You can install the package and its dependencies using uv, pip, or poetry:

bash
uv pip install .
# or
pip install .
# or
poetry install

Dependencies:

  • llama-index
  • psycopg (PostgreSQL driver)
  • azure-identity (for Azure authentication)

Usage Example

python
import sys

sys.path.insert(0, "/path/to/llama-index-vector-stores-azurepostgresql")
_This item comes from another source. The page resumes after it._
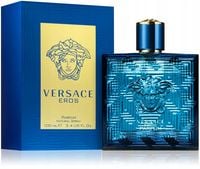 Versace Eros 100 ml perfumy męskie PRODUKT FOLIA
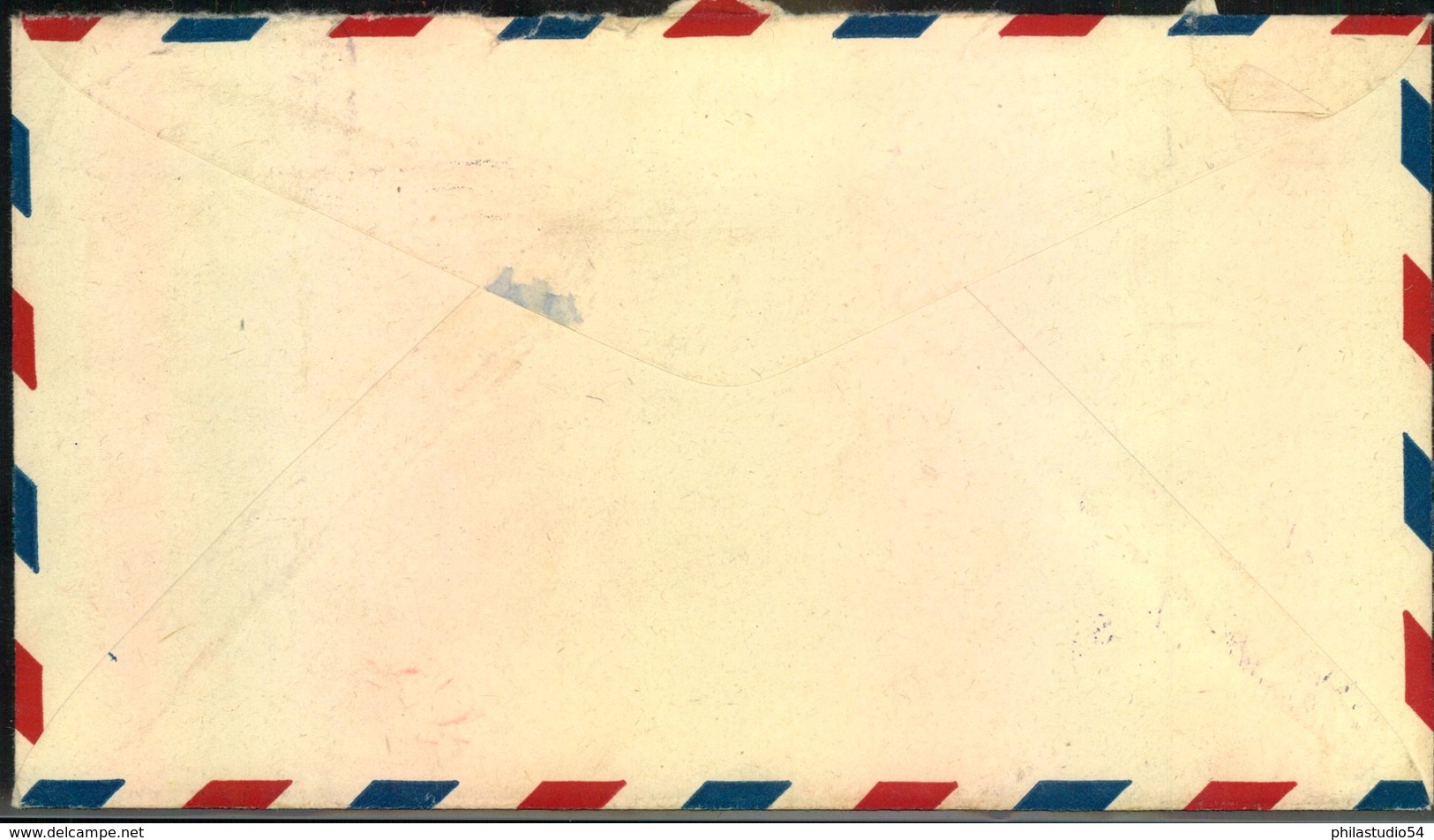 1943, U.S. Army Letter From "A.P.O. 698" With Censor From Algier. - Otros & Sin Clasificación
from llama_index.vector_stores.azurepostgresql.base import AzurePGVectorStore
from llama_index.core import (
    SimpleDirectoryReader,
    StorageContext,
    VectorStoreIndex,
)
from llama_index.llms.azure_openai import AzureOpenAI
from llama_index.embeddings.azure_openai import AzureOpenAIEmbedding

# Set up your Azure OpenAI and PostgreSQL connection details
llm = AzureOpenAI(...)
embed_model = AzureOpenAIEmbedding(...)

vector_store = AzurePGVectorStore.from_params(
    database="postgres",
    host="<your-host>.postgres.database.azure.com",
    port=5432,
    table_name="my_table",
    embed_dim=1536,
    pg_diskann_kwargs={
        "pg_diskann_operator_class": "vector_cosine_ops",
        "pg_diskann_max_neighbors": 32,
        "pg_diskann_l_value_ib": 100,
        "pg_diskann_l_value_is": 100,
        "pg_diskann_iterative_search": True,
    },
)

storage_context = StorageContext.from_defaults(vector_store=vector_store)
documents = SimpleDirectoryReader("./data").load_data()
index = VectorStoreIndex.from_documents(
    documents, storage_context=storage_context
)
query_engine = index.as_query_engine()
response = query_engine.query("Your query here")
print(response)

Development

  • To run tests:
    bash
    make test
    
  • To build the package:
    bash
    uv build
    

License

This project is licensed under the terms of the Apache 2.0 license.